Maddy shook her head.

‘You've been touched . . . but nobody's really touched you, have they . . .?' She moved her hands. ‘Here . . . and here . . . like this . . .'

Maddy shook her head. She sat on the bed, her shoulders and breasts naked, her shirt bunched around her waist. She felt like a fruit that had just been peeled.

‘Can you feel how lovely you are?' Erin murmured. She bent her head and licked Maddy's nipple.

A jolt shot through her. ‘I've never –' she stopped.

‘I know,' said Erin.

‘Kiss me.'

Erin kissed her – a slow, deep kiss. Maddy's heart opened. Shyly, she stroked Erin's face. She slid her hand beneath Erin's embroidered jacket, beneath her satin blouse, and touched her shoulder. How smooth her skin was! How strange to feel skin that was as smooth as her own! Tentatively, she stroked her.

‘Do you have a candle?' asked Erin.

Maddy stiffened. What was she going to do with it? She withdrew her hand.

‘It's just this room's so sad.' Erin pulled a shawl out of her bag, like a magician, and draped it over the lamp. The dingy room was transformed; it was bathed in a rosy glow. ‘You must learn to love yourself, my darling.'

She removed Maddy's shirt from around her waist. She took off her own jacket and blouse. Beneath it she was naked. She had large, heavy breasts and dark nipples. Maddy turned to her and buried her face in her, smelling the scent of her hair, the scent of oil on her throat. She moved her face down
and smelt the sharp, animal scent of Erin's armpit. She shuddered.

Erin laid her on the bed. She lay down beside her and pushed the hair from her face. ‘You're here at last,' she murmured. ‘Isn't it lovely that you never knew what you were waiting for?' Maddy thrilled to her voice. Erin kissed her skin with feathery kisses, light as butterflies. She ran her finger over Maddy's mouth. ‘All your loveliness . . . it's been waiting for me . . .'

Maddy lay there, trembling, while Erin unzipped her jeans. She pulled them down, with her knickers, and threw them on the floor. Erin took off her own clothes. The two women lay there, skin against skin. Erin stroked Maddy's belly; she stroked her thighs. She stroked her alive. Erin's hands knew her body, they were her own self caressing it, inflaming it.

Outside, darkness had fallen. Maddy lay still. Erin moved over her body, lighting each place upon which she landed. Maddy surrendered herself to Erin's hands and to her mouth, her fingers and tongue. Her breathing quickened as Erin's head moved down, between her legs.

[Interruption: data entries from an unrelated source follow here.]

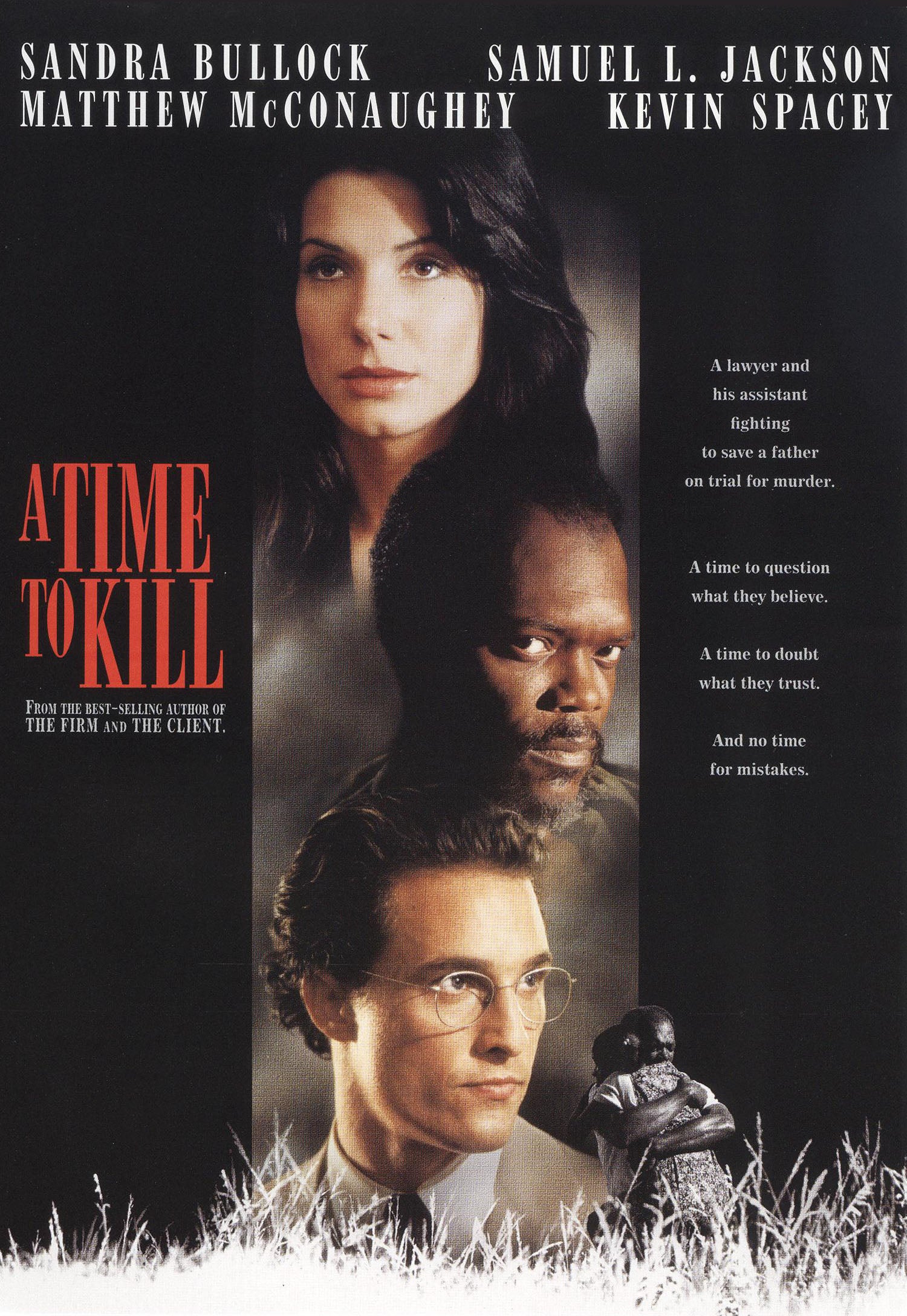 Time to Kill cover art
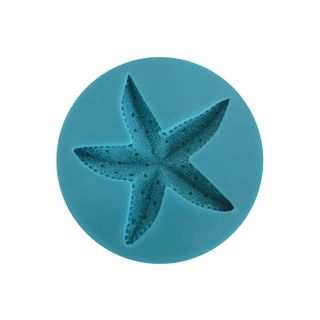 LARGE STAR FISH SILICONE MOULD
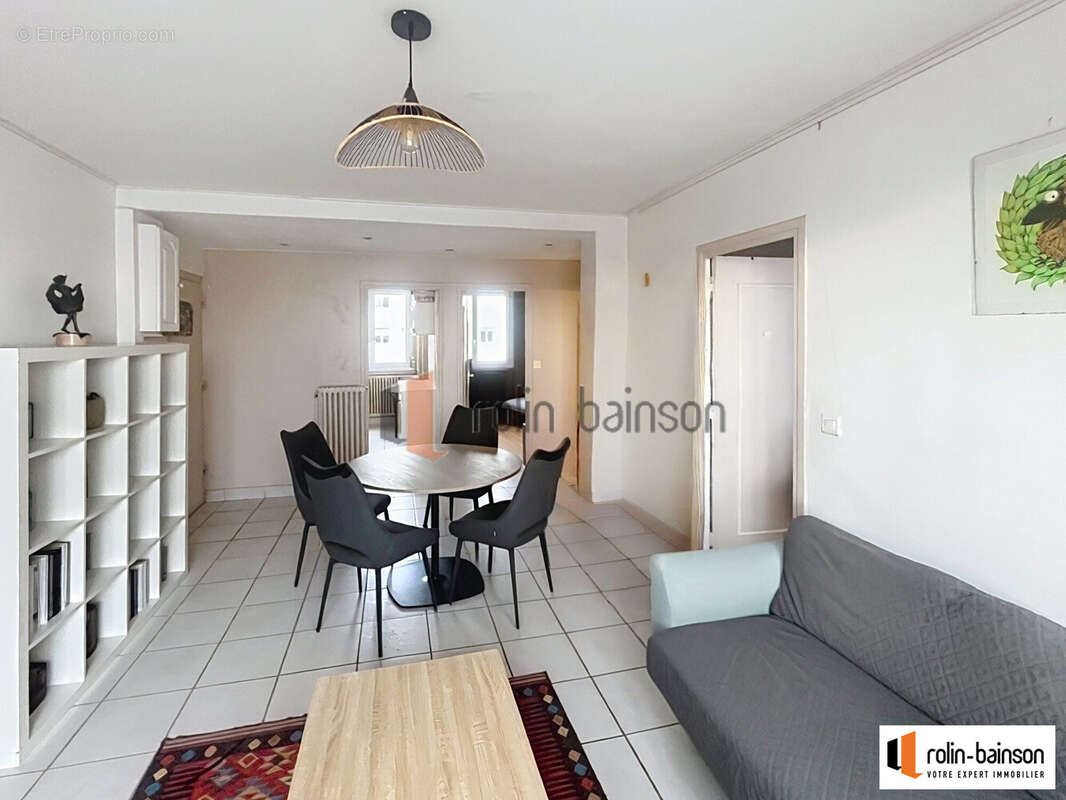 Appartement à VILLEURBANNE
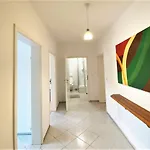 Schoene, Ruhige Zweiraumwohnung Im Angesagten Altlindenau Daire *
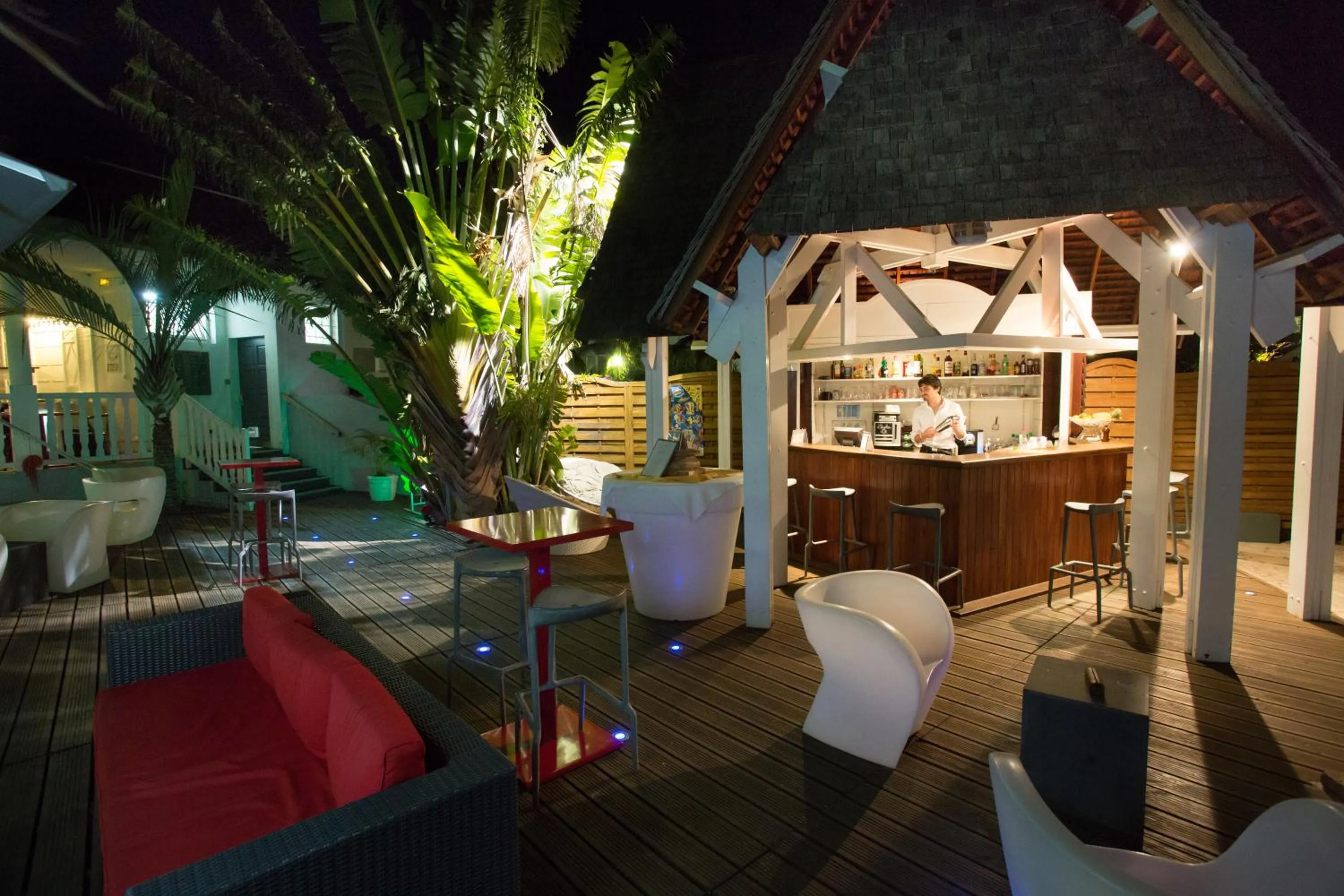 View (from property/room) in Ermitage Boutik Hotel/ Blue Beach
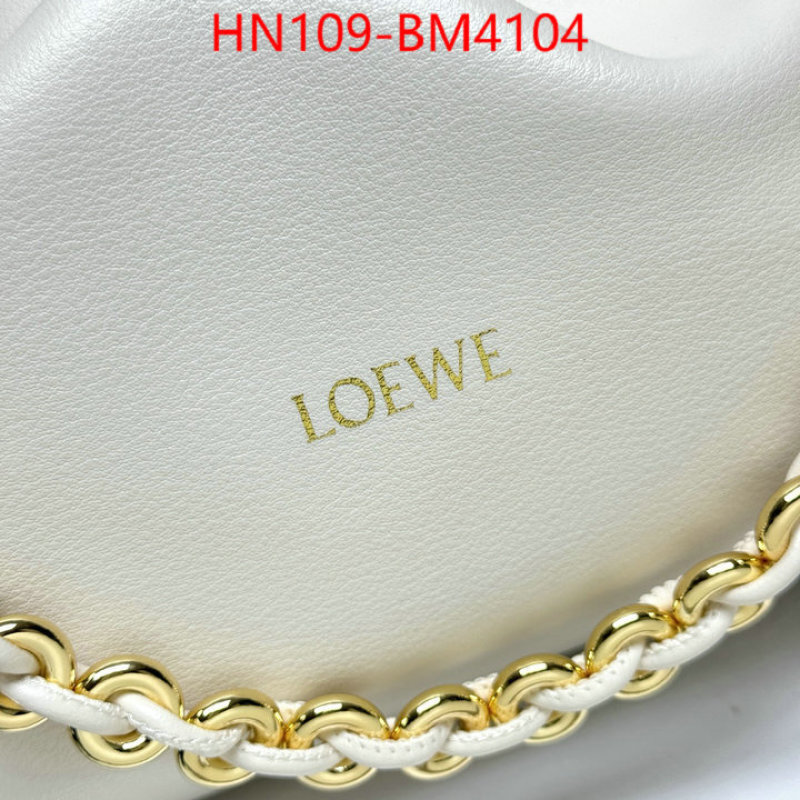 Loewe Bags(4A)-Crossbody- ID: BM4104 $: 109USD,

Afterwards, Maddy sobbed. Erin gazed at her tenderly, and wiped her eyes with the edge of the duvet.

‘I'm sorry,' muttered Maddy.

‘Why?'

‘I haven't cried since I was a child.' She laced her fingers through Erin's. ‘I feel . . .'

‘What do you feel, my darling?'

‘I feel I've come home.'

Erin put her arms around her. Their skin was slippery with sweat. She enfolded Maddy, who buried her face in her shoulder.

‘I never thought it would happen to me.' Stephen drained his gin and tonic. ‘I read all these articles about it in the
Independent
but it was like reading about an earthquake in Korea or something.'

‘Who've you tried?' asked Prudence. They were sitting in a pub in Goodge Street. It was lunchtime; a week since he had left the office. ‘Have you made a list?'

He nodded. He longed for another drink but he felt Prudence's eyes on him, monitoring him. ‘Random House, Reed . . .' He knew people in most of the publishing houses, many of them he considered his friends, but suddenly a barrier had come down between them. Oh, they were sympathetic all right, they had read about his redundancy in the
Bookseller
, but they couldn't help and then their other phone started ringing. ‘People are always in meetings, all the people I want to talk to. It's most peculiar. I feel I've got an infectious illness. I feel ill, actually.' He silently urged Prudence to finish her glass of wine so he could get them both another.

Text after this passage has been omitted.